Lo stesso decreto legge 74/92 inoltre, all’art. 2, lett b), dispone che per pubblicità ingannevole si intende qualsiasi pubblicità che in qualunque modo, compresa la sua presentazione, induca in errore o possa indurre in errore le persone fisiche o giuridiche alle quali è rivolta o che possa raggiungere e che, a causa del suo carattere ingannevole, possa pregiudicare il loro comportamento economico, ovvero che, per questo motivo, leda o possa ledere un concorrente.
In altre parole, è ingannevole ogni comunicazione che, direttamente o indirettamente, crea nei consumatori un’idea errata sul prodotto o sul servizio; è altresì ingannevole la pubblicità che lede o sia potenzialmente lesiva degli interessi di un concorrente.
Incorriamo in una pubblicità ingannevole quando riceviamo delle informazioni le quali potrebbero condizionare le nostre scelte; potremmo decidere, infatti, di acquistare un prodotto convinti di trovarvi delle caratteristiche che invece non possiede.
Le imprese produttrici di beni o servizi, concorrenti di quello pubblicizzato in modo ingannevole, ed i consumatori sono i soggetti che sono lesi nei propri interessi.
Non è necessario che il messaggio abbia effettivamente e concretamente prodotto un danno per essere qualificato come ingannevole; è sufficiente che le informazioni inesatte o non complete siano potenzialmente in grado di alterare le decisioni del consumatore.
Tra i requisiti di liceità della pubblicità richiesti dal decreto legislativo 74/92, c’è anche la trasparenza della stessa.
L’art. 4, al punto 1, infatti, dispone che la pubblicità deve essere chiaramente riconoscibile come tale: in particolare, la pubblicità a mezzo di stampa deve essere distinguibile dalle altre forme di comunicazione al pubblico, con modalità grafiche di evidente percezione.
La pubblicità che non ha queste caratteristiche non è trasparente e, quindi, ingannevole perché il soggetto, non sapendo di assistere ad un messaggio pubblicitario, può essere indotto in errore.

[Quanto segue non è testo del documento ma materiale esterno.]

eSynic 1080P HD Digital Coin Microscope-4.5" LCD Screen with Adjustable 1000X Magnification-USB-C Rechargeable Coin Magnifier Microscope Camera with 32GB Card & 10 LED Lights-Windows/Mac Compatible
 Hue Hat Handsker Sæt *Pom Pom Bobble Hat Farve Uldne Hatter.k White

Va ricordato, inoltre, che al di là delle condizioni specifiche richieste dalla normativa, lo stesso decreto legislativo, all’art. 1, secondo comma, dispone che la pubblicità deve essere palese, veritiera e corretta: questa disposizione è alla base della disciplina perché si pone come regola generale, e quindi applicabile ad ogni pubblicità.
Dal 1992 l'Autorità Garante della Concorrenza e del Mercato è l'organo incaricato dell'applicazione del decreto 74/92 il quale, dando attuazione ad una direttiva della comunità europea, ha introdotto anche in Italia una disciplina in materia di pubblicità ingannevole.

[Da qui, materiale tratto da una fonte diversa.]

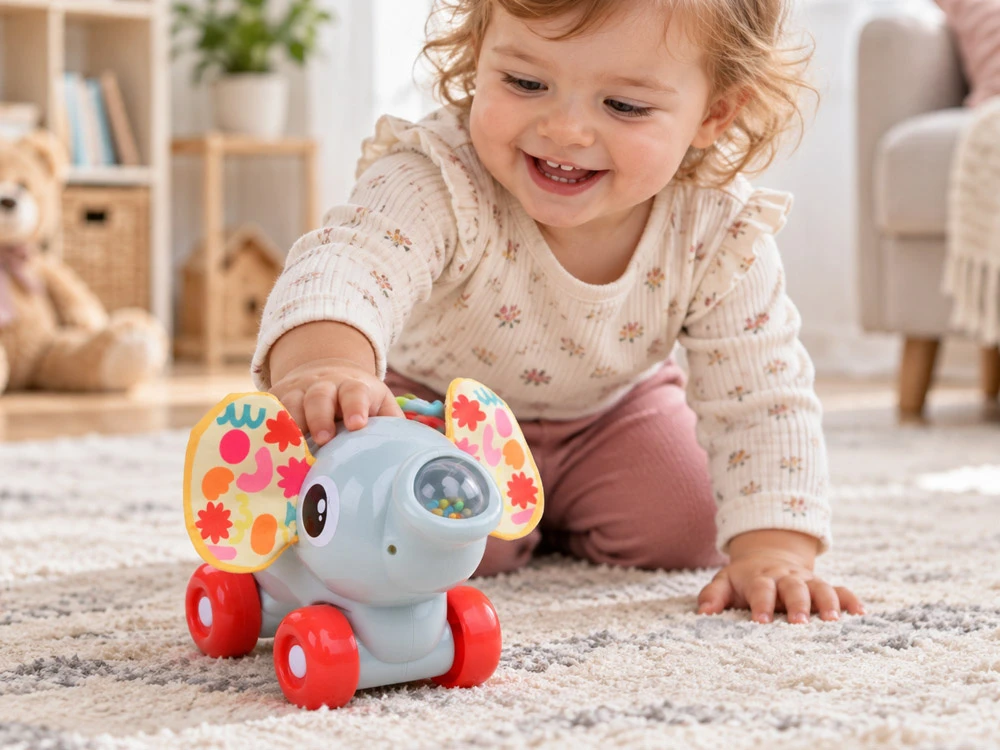 Jokomisiada Sensory ELEPHANT on wheels for toddlers - rustling, sliding ZA6342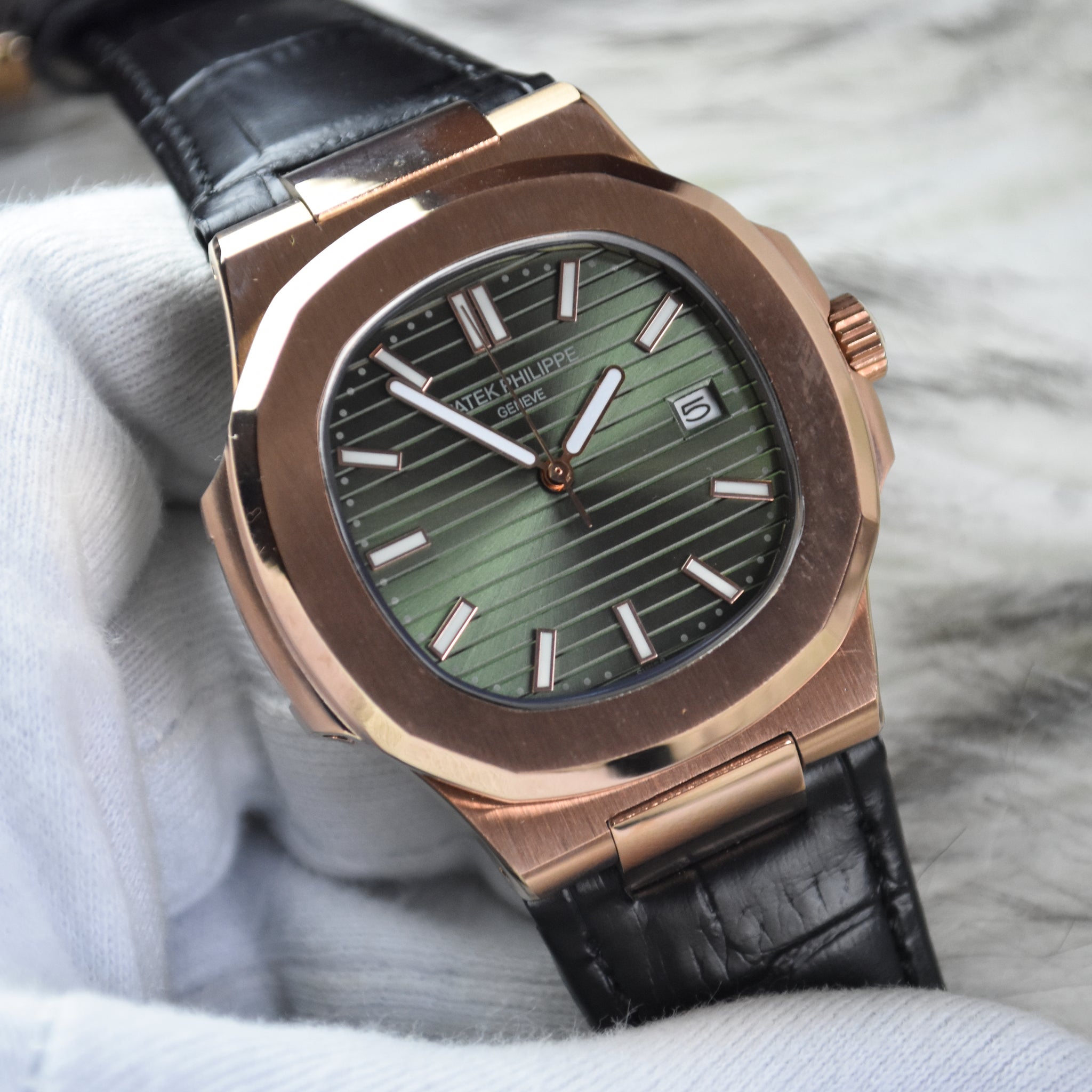 PP NAUTILUS AUTO STRAP ROSE OLIVE GREEN (ZP)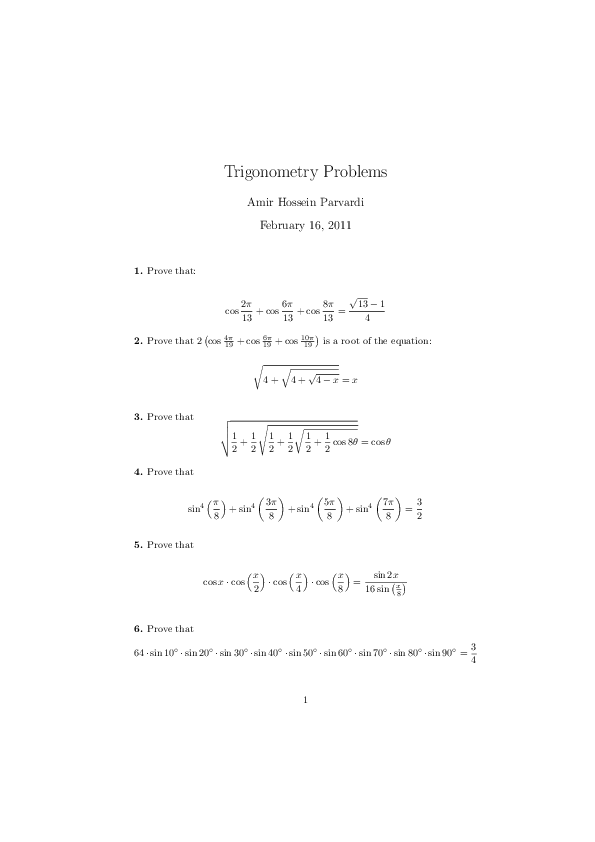(PDF) Trigonometry Problems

Come visto supra, si ritiene ingannevole qualsiasi pubblicità che, in qualunque modo, compresa la sua presentazione, induca in errore, o possa indurre in errore le persone fisiche alle quali è coinvolta, o che abbia la capacità di pregiudicare il comportamento economico di questi soggetti, oppure possa ledere un concorrente.

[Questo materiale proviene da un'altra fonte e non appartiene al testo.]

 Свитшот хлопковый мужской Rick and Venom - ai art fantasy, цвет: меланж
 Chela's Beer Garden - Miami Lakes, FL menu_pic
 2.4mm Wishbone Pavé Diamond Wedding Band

La nozione di pubblicità ingannevole è molto ampia e si estende fino a comprendere la stessa confezione dei prodotti.
Una
particolare attenzione viene posta ai messaggi
pubblicitari che riguardano prodotti che possono mettere in pericolo la salute
dei consumatori e che possa raggiungere bambini o adolescenti.
L'Autorità non può agire d'ufficio, Essa si attiva solo a seguito di una denuncia, che può essere effettuata:
§ dai singoli consumatori;
§ da una associazione dei
consumatori;
§ da concorrenti delle imprese
che divulgano i messaggi presunti ingannevoli;
§ da ogni Pubblica
Amministrazione che ne ha l'interesse, in relazione ai propri fini
istituzionali, anche su denuncia del pubblico.
L'ufficio pubblicità ingannevole intrattiene rapporti con altre amministrazioni pubbliche: collabora, in particolare, secondo quanto stabilito dalla legge, con il Garante per la radiodiffusione e l'editoria il quale, al termine dell'istruttoria svolta dall'Autorità, esprime il proprio parere sull'ingannevolezza dei messaggi pubblicitari diffusi a mezzo stampa e radiotelevisione.
Infine, secondo quanto stabilito dall'articolo 12 della legge 26 ottobre 1995, numero 447, all'ufficio pubblicità ingannevole competono la vigilanza e le sanzioni sulle sigle e i messaggi pubblicitari trasmessi per radio o televisione con potenza sonora ([8]).
Esaminata per sommi capi la disciplina sulla pubblicità ingannevole che è prevista dal decreto legislativo 74/92, occorre ora chiedersi se questa sia applicabile alla pubblicità su Internet.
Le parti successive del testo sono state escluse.